Experts expect the Taliban to either commence – or announce and commence – their offensive in the winter, when combat operations by guerilla teams becomes more easier for the Afghans, while the technology-laden US/NATO/ISAF troops find it logistically difficult to operate against the Taliban in the harsh tribal winter. This gives the Taliban almost 6 months to ratchet up pressure on the Afghan governing dispensation – as well as their foreign backers – to acknowledge the Taliban as equal partners in the future of Afghanistan. Otherwise, the Taliban movement will continue as an antagonistic, anti-incumbent and even anti-state movement that has no use for modernity or for critical social progress made after the dark ages. The same happened in the midst of the Soviet withdrawal; the mujahedin and their infighting gave way to a more “populist” alternative, since the Afghan people thought “whatever or whoever the Taliban are, they must surely be better than the Afghan warlords who call themselves ‘mujahids’ and rule us like tyrants and despots”. It is true that Mullah Omar led an armed mob from his mosque to a local warlord’s den to exact revenge for the rape and murder of two children; this is how the Taliban rose to power on a platform of social justice.

While Pakistan desperately requires social justice – the kind that deals with corruption while affording governance and due process, the kind that provides and guarantees rights and doesn’t limit or withdraw them – it is exactly the process of Taliban social justice that Pakistan (and its civilian government and armed forces) wish to avoid. The Taliban carefully decapitate civil and military law enforcement agents, and then occupy the role of “lawgivers” themselves; beheading, lashing and fining people as and when they please, as and when they wish to quote religious or theological references or not. This has become a Pakistan where the government has little international credibility even when calling for flood aid, where national heroes and sportsmen are vilified in international settings for cheating, lying and fraud, where people are called corrupt and inhumane after showing little reaction to the continued policies of an inept government and the lynching of two young (and as the inquiry commission has proved, innocent) Pakistani boys by a mob in Sialkot. Now, this is the most worrisome part; one part of common discourse says that we need immediate justice (whether through the Taliban or through any other means) while the other says that Pakistan is already a Talibanized society (one Indian TV channel repeatedly ran clips of the Sialkot mob lynching, calling it “the Taliban face of the Pakistani people”) and that they don’t deserve to be treated as modern citizens of the international community, much less be eligible for aid and support in times of disasters. It is no secret that 76% of Frenchmen polled by the Le Figaro did not show solidarity with ordinary Pakistanis because of the catastrophic floods.
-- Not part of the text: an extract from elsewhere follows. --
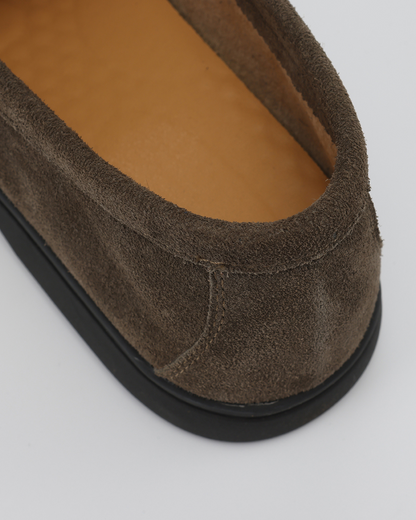Luxurious Suede Loafers with Sleek Black Soles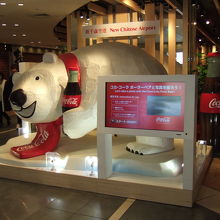 ３階にある広告用アート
Saving and Rescuing Pakistan

The Taliban have commenced their all-out war against Pakistan as well. This war against Pakistan will not only challenge our existant wounds that have failed to heal and congeal over decades, but will also challenge our peace of mind and our psychological sanity, even remove any and every definition of “security” that we have devised for ourselves – or continue to devise on a daily basis. The Taliban’s war in Pakistan is a prelude, a staging point if you will, for their “War Against the Occupier Infidel” in Afghanistan. While the Taliban want to revisit the glory days of the Soviet withdrawal, they are not only concerned with defeating a superpower this time, but also its regional ally must suffer. If the US withdraws (unexpectedly or in a phased manner) then Pakistan will have the most to deal with, because President Karzai’s Afghan dispensation will be “wrapped up” courtesy the absence of any strategic security institution in Afghanistan. It is even said that President Karzai might even be on one of the planes taking US assets away from Afghanistan, should the time come. Of course, nobody can desire to revisit Mohammad Najibullah’s fate, no matter how deserving one is of it – whether it is President Karzai or President Zardari.
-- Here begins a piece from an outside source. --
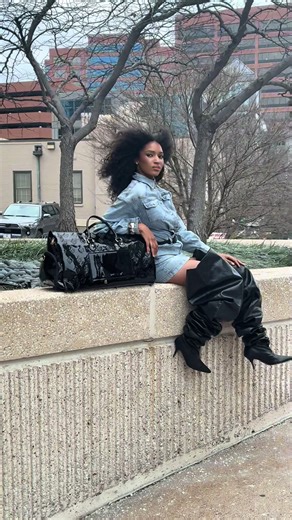 Tik tok is my Instagram reels right now cuz my insta got hacked and disabled 😭💔 but my new Instagram I’ll be “back and better” I’m corny asl ik 😂 Bag from: @The Head Hauswife #modeling #commercialmodel #stlmodel #streetphotography #streetwear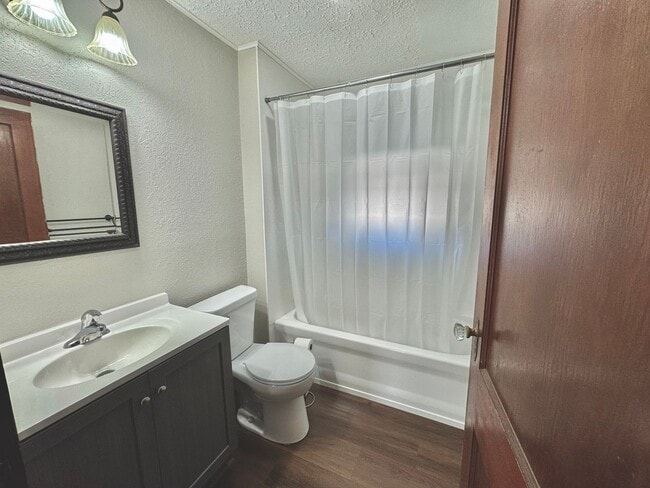 Building Photo - 2 Bed 1 Bath House in Paducah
Law and justice are the only two things that can ensure security. A gun only makes you secure as long as you fire the last shot, otherwise the battle becomes a free-for-all. Laws and rules ensure that everyone is aware, if not informed, and justice is a buzzword used ever-so-often without realizing that it is the only mechanism of equating, balancing, rationalizing and resolving differences in rights and human identity. A social compact inspired by the basic principles of law and justice, and conforming to the dynamic social needs of the people (of Pakistan, or of Afghanistan, or of South Asia, or even of the Muslim Ummah) can resolve the issues that lead to “terrorism” in the first place. Pacifying Muslims without alleviating the oppression of Muslims is indubitably difficult, but this is the only way to avoid a mutual confrontation between the Muslim Orient and paranoid Occident.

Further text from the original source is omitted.